Novak added that OPEC and non-OPEC members are most probably to hold the meeting in April to conclude an initial agreement regarding freezing oil production levels to boost the prices in the market. He also said that the meeting might be held in Doha, Qatar.
Novak said that Iran has the right to back out of the deal until the recovery of its oil output, which had been hit by now-lifted international sanctions over its nuclear program.
“We share the view that Iran is in a special situation. The sanctions that had been introduced had materially hit Iran’s output,” he added.
Iran must regain its share of the global oil market before it participates in any agreement among oil producing countries to restrict supply, the chief of staff to President Hassan Rouhani said on Thursday.
A collapse in the price of oil since mid-2014 has led some big exporters to suggest an output freeze, but Iran is focused on increasing supply following the lifting of international sanctions earlier this year.

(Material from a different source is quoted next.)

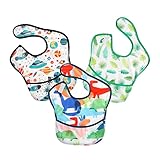 PandaEar 3 Stück Baby Lätzchen Fütterungs Wasserdicht Superleichtes EVA Kleinkind Fütterlätzchen mit Auffangschale, Abwaschbar Weiches Unisex Babylätzchen Klettverschluss für Baby 5-36 Monaten Kinder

“Of course the oil market has to be managed more wisely,” Mohammad Nahavandian said at the Royal United Services Institute in London.
“For Iran to participate in supply reduction, the prerequisite is to come to … the share of the market it had and then from that position help with a decrease in supply.”
Nahavandian said Iran’s reliance on oil revenue was now minimal, and that it was up to other producer countries to act to restrict supply.